Trusts who do not want to use LSP products would not be forced to do so, she said. And trusts in the South of England that did not want to take part in the ASCC procurements would not have to do so, either.
“I want to see trusts committed to upping the quality of the systems they run. Until we get better systems in place, we will not see the improvements we need to make.
“If the products you want are not on the ASCC framework then we will have to ask why and revise the framework,” Connelly added.
Asked about standards for interoperability – a hot topic in Birmingham – Connelly said she was looking to the informatics community for guidance on the standards to mandate and the approach to take.
She said: “We are committed to building in international standards where they exist but we do not want to wait until all these standards have been adopted.”
She also reminded her audience that the NHS white paper, ‘Equity and excellence: Liberating the NHS’ said that the new NHS Commissioning Board will set standards for health.
However, she said she would expect to advise it. The board will have to address not only data sharing within the NHS but also between the public health function and social care, she added.
Taking other questions, Connelly said that the consultation document on a new information strategy for the NHS, ‘Liberating the NHS: an information revolution’, had deliberately not focused on IT.
Asked why there was no mention of open source in the document, she said: "The reason open source is not in there is we did not put IT things in the document.
"The goal is an information revolution, and the means to achieve that is IT; not to develop IT and to do things with it."
She also tackled the issue of what the consultation meant by giving patients "control" of their records. She said it meant more than access, and that patients would be able to download their records and give them to third parties.
Asked whether the governemnt would relax the security requirements on NHS records to allow them to be taken offshore, she said it would not.
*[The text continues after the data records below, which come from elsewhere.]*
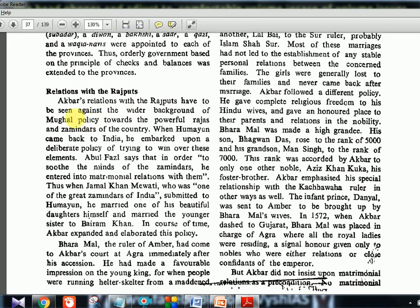Akbar's relations with the Rajputs have to be seen against the wider background of Mughal policy towards the powerful Rajas and Zamindars of the country. When Humayun came back to India, he embarked upon a deliberate policy of trying to win over these elements. Abul Fazl, one of Akbar's Navratnas, wrote that to suit the minds of the Zamindars, Humayun entered into matrimonial alliances with them. For example, when Jamal Khan Mewati submitted to Humayun, he married one of his daughters himself and married the younger sister to Beram Khan.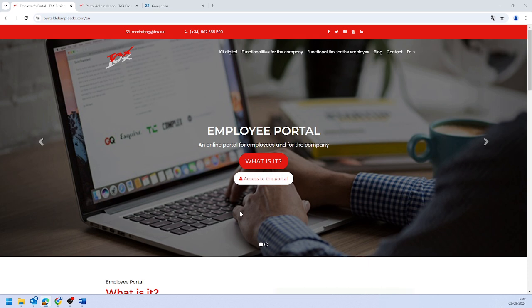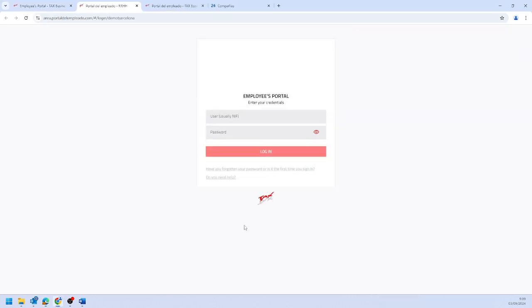On the website, click on Access the Portal and enter your ID number, DNI.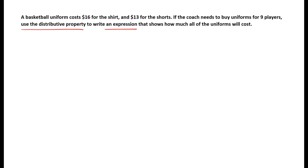So since I'm looking for an expression that uses the distributive property, I might want to start by reminding myself what exactly the distributive property expression looks like, which is A times B plus C. So presumably my answer is going to be in this form — something times something plus something.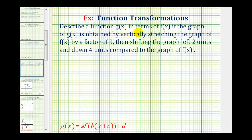We want to describe a function g of x in terms of f of x if the graph of g of x is obtained by vertically stretching the graph of f of x by a factor of three, then shifting the graph left two units and down four units compared to the graph of f of x.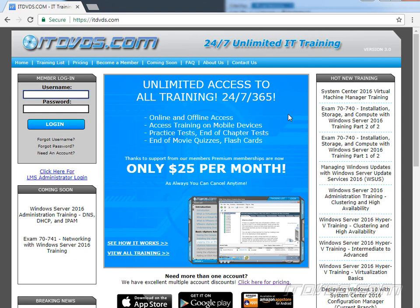This is a sample from our training at itdvds.com. If you'd like to learn more, please go to itdvds.com.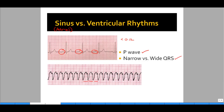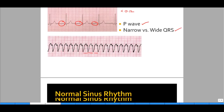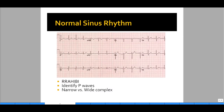We won't discuss ventricular rhythms in this lesson. For normal sinus rhythm, you should always approach every EKG using the HEBE acronym: rate, rhythm, axis, hypertrophy, infarction, block, and intervals.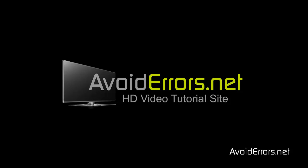Hi, my name is Miguel from Avoiderrors.net. In this tutorial, I'm going to be showing you guys how to format and reinstall Windows Vista.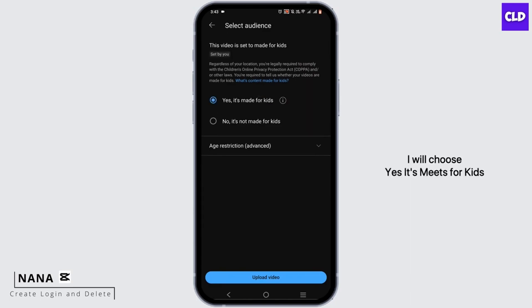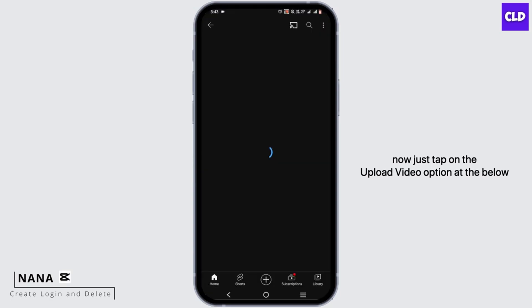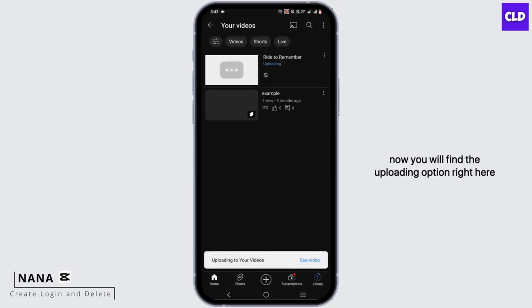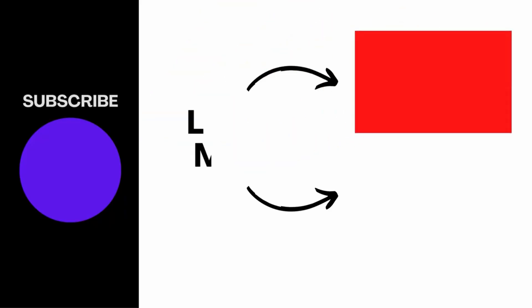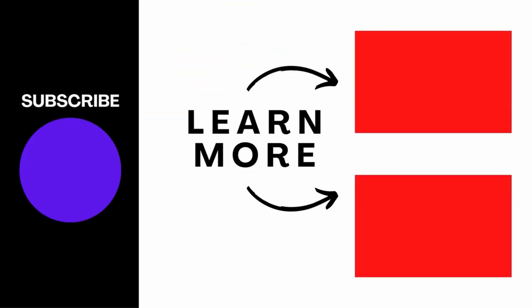Now you have to decide or choose the audience. I will choose 'Yes, it's made for kids.' Now just tap on the 'Upload Video' option at the bottom. You will find the uploading progress right here, and once it is uploaded it will notify you.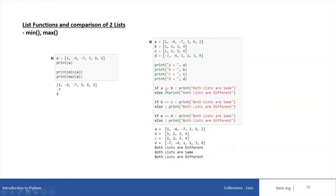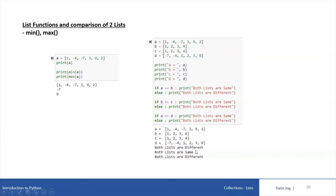Now I want to compare multiple list variables using the == operator. So if A == B — if you look at A and B, not only the values but even the count of values is also different. So we are going to get 'both lists are different' as the output. And if you look at the output, you are getting the same thing — both lists are different.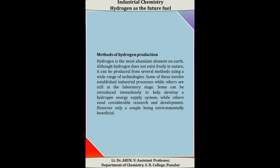We now discuss the different methods of production of hydrogen. Hydrogen is the most abundant element on earth. Although hydrogen does not exist freely in nature, it can be produced from several methods using a wide range of technologies. Some of these involve established industrial processes while others are still at the laboratory stage. Some can be introduced immediately to help develop a hydrogen energy supply system, while others need considerable research and development. However, only a couple are environmentally beneficial.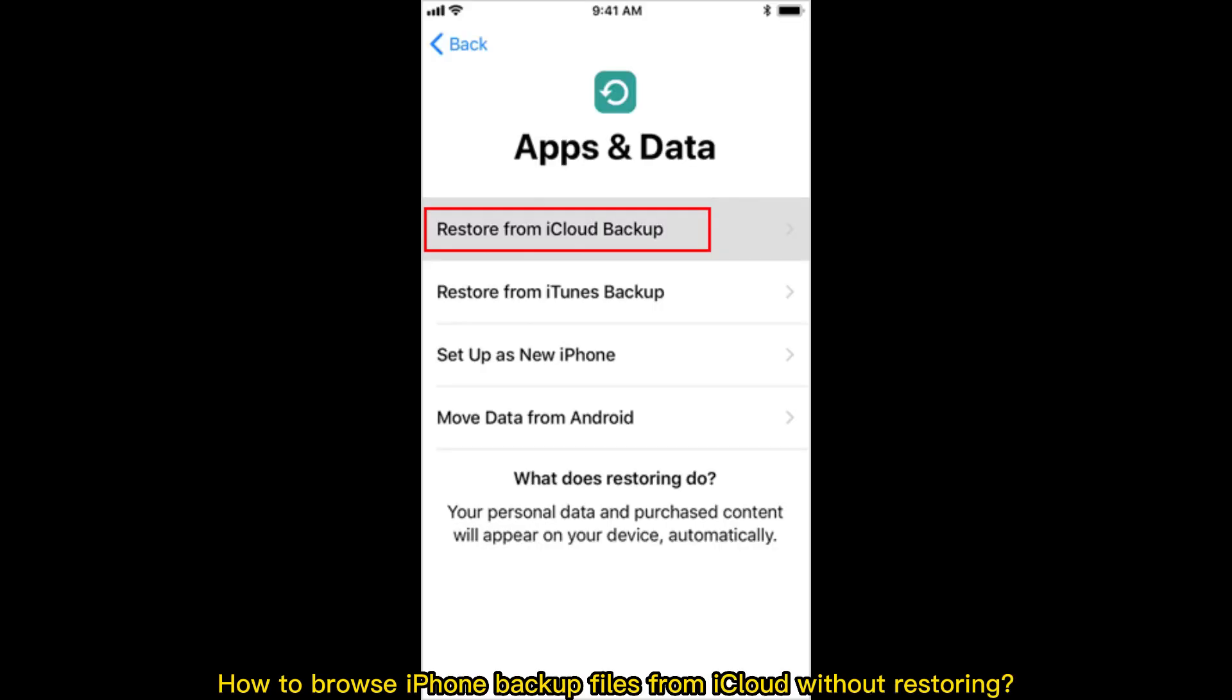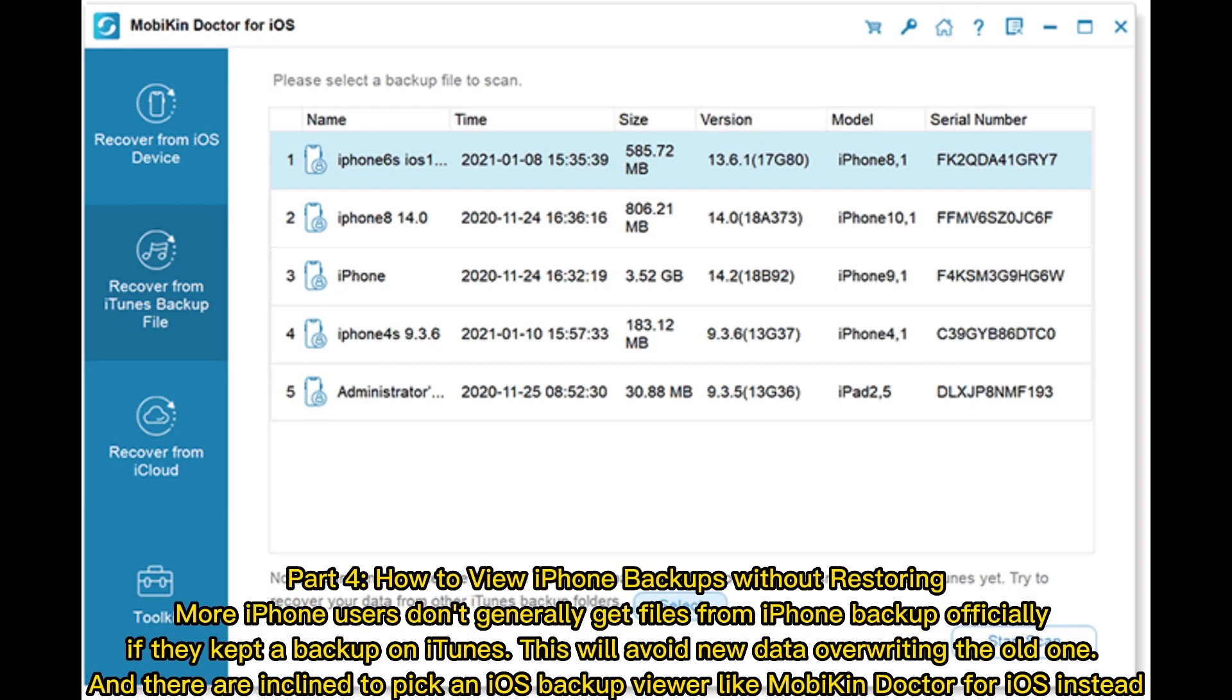How to Browse iPhone Backup Files from iCloud Without Restoring. Part 4: How to View iPhone Backups Without Restoring. More iPhone users don't generally get files from iPhone backup officially, if they kept a backup on iTunes. This will avoid new data overriding the old one, and they are inclined to pick an iOS backup viewer like Mobicon Doctor for iOS instead.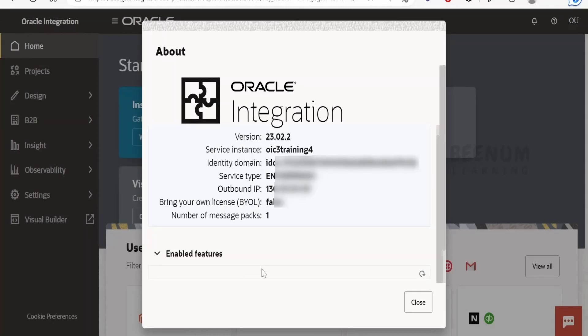Like this we can get the outbound IP address for Oracle Integration 3 instance without a service request.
However, she said that if patients wanted to take their own records offshore they should be able to do so.
“My expectation is that if I take a copy of my record, I can decide where I store it and it is up to me to assess if it is secure enough for me.”
The consultation would find out what people wanted to do with their records, she added. “Personally, if I have control of my records I want not just the information but also to transact,” she said.
Among other issues, Connelly acknowledged the frustration experienced by both trusts and smaller suppliers at the difficulty of running procurements for innovative products.
She said prime minister David Cameron had addressed the issue of supporting small and medium sized businesses in a recent speech; and said the interoperability toolkit projects showed that setting standards for interoperability might help in the NHS.
“I am not sure what I can do about it, but it is on my list and on David Cameron’s list – and those are good lists to be on. Work on the interoperability toolkit is a start on how we make this possible.”
Small and large companies have taken part in ITK proof of concept projects for messaging, kiosks, discharge summaries and other specific NHS workflow issues.
“There are benefits for both," Connelly said. "If you are a big company it is hard to bring every innovative idea in. By opening up, you can create a much more compelling proposition and deliver benefits much faster.”
The head of the DH technology office, Paul Jones, told EHI last week that there would not be another round of ITK projects.
However, in a statement issued to EHI this week, the DH clarified that this did not mean the ITK had been scrapped. "ITK is now ‘business as usual’ and will very definitely NOT be axed," it said.